Iwa Shrine stands quietly amid the wooded hills of inland Hyogo, an ancient Shinto sanctuary at the heart of what was once the province of Harima. The kami enshrined here are Okuninushi, the great builder of the country, together with his companion Sukunabikona and Shitateru-hime no kami.
The origins of the shrine reach into the mythic past. The Harima Fudoki traces the shrine's name to a syllable uttered by Okuninushi at the moment he completed the building of the land, and dates the foundation to the reigns of the emperors Seimu or Kinmei. By the early Heian period the shrine was listed in the Engishiki, and by the late Heian it had been recognised as the Ichinomiya of Harima.
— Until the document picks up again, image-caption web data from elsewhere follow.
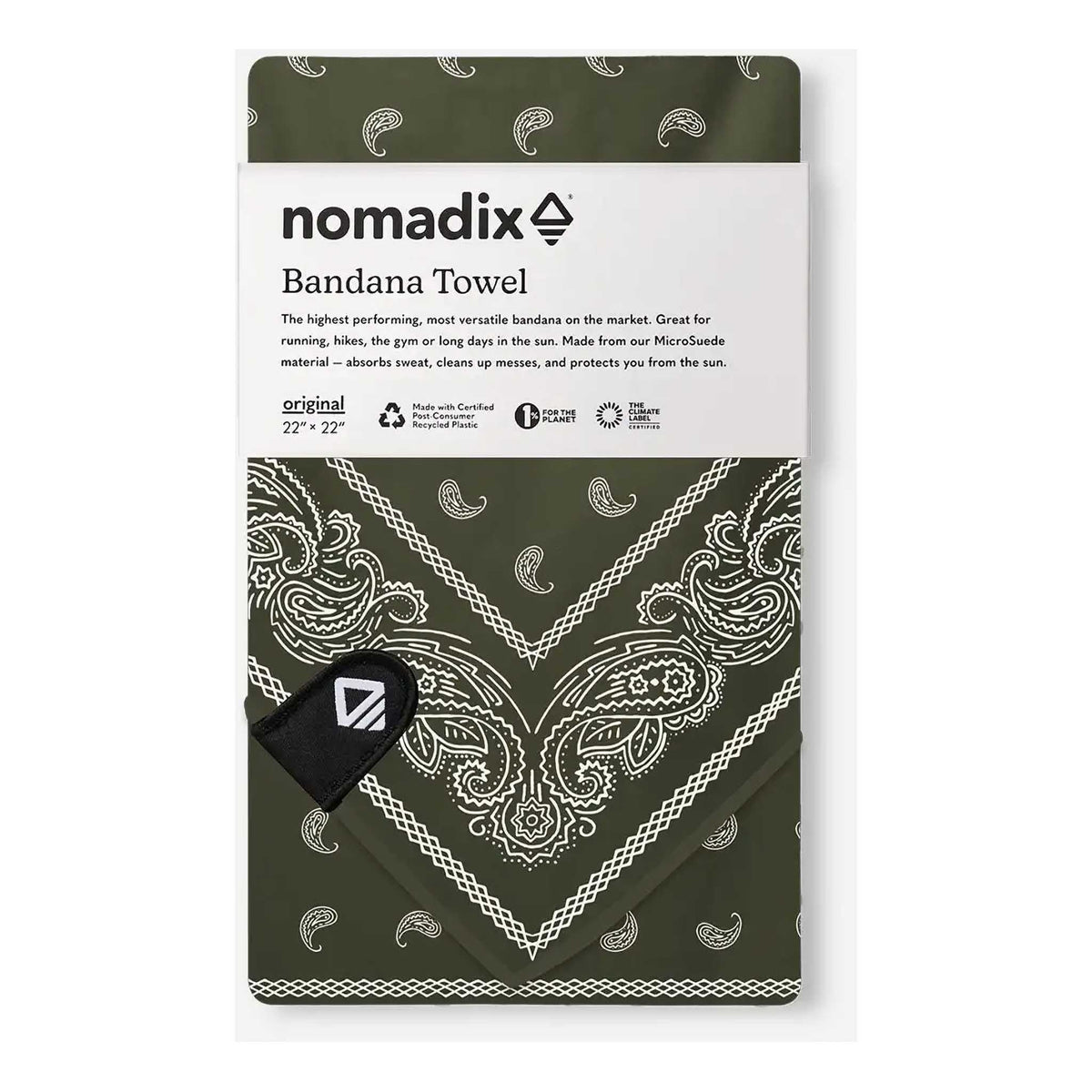 Bandana Towel Nomadix TBN-PAIS-107 Travel Towels One Size / Paisley Forest Green
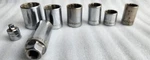 Craftsman Sockets 1/2 Drive 12-POINT 1-1/16, 15/16, 7/8, 3/4... Vtg Usa. Fixed Price $19.99.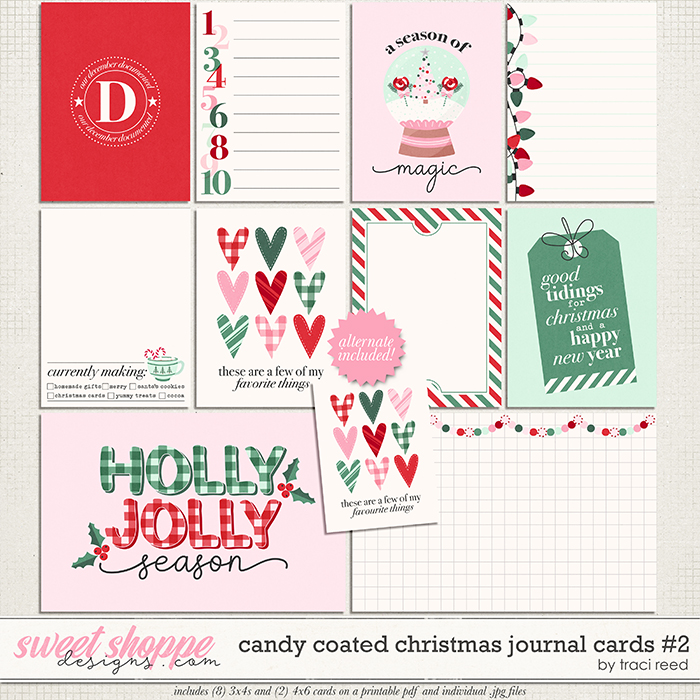 Candy Coated Christmas Cards #2 by Traci Reed Candy Coated Christmas Cards #2 by Traci Reed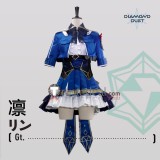 Girls Band Cry Diamond Dust Ai Rin Hina Nana Performance Blue Cosplay Costume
Iwa Shrine observes two great cyclic rites with no parallel in most other Shinto sanctuaries. The Single Mountain Rite is held every twenty years and honours Mount Miya, said to be the resting place of Onamuchi-no-Mikoto. A new shrine is raised on the mountain top, a white banner unfurled, and worship is offered from afar towards three sacred peaks while a sacred palanquin is carried down to the river valley.
The Three Mountains Rite is held every sixty years, and an inverse cycle is observed at Itatehyozu Shrine in Himeji, a connection said to date from when the Iwa deity was transferred there through kanjo.
The shrine has been rebuilt many times after destruction by fire, with successive support from the imperial court, the Akamatsu clan, and various feudal lords of the region. The Hitotsuyama Kofun, a burial mound of the Kofun period, lies about four hundred metres to the southeast and is designated a Prefectural Historic Site of Hyogo, situating the shrine within an ancient sacred landscape. After the Meiji Restoration, Iwa Shrine was raised in 1871 to the rank of Kokuhei Chusha, a National Shrine of the Second Rank, in the modern hierarchy of Shinto.